### Exercise directions
The whole listing is to be written out again exactly; the pictures are not.
*** Exercise data Section Begins ***
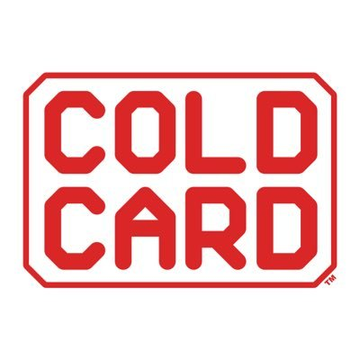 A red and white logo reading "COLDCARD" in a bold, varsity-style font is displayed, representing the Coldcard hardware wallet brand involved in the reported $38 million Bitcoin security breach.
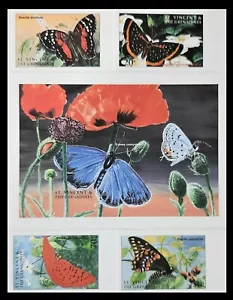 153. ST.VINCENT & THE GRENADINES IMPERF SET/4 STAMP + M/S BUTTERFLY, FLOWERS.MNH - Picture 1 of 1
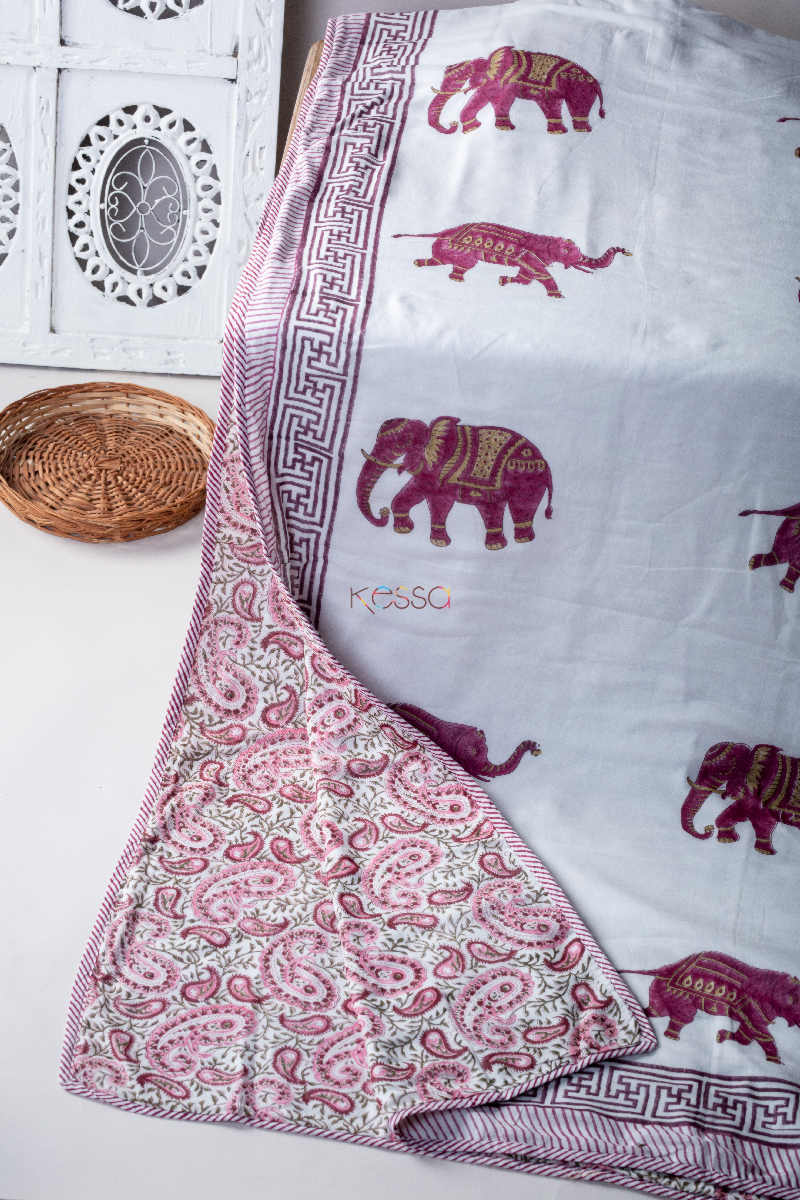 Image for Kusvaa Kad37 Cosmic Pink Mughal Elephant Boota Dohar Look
*** Exercise data Section Ends ***
### Expected answer
 A red and white logo reading "COLDCARD" in a bold, varsity-style font is displayed, representing the Coldcard hardware wallet brand involved in the reported $38 million Bitcoin security breach.
 153. ST.VINCENT & THE GRENADINES IMPERF SET/4 STAMP + M/S BUTTERFLY, FLOWERS.MNH - Picture 1 of 1
 Image for Kusvaa Kad37 Cosmic Pink Mughal Elephant Boota Dohar Look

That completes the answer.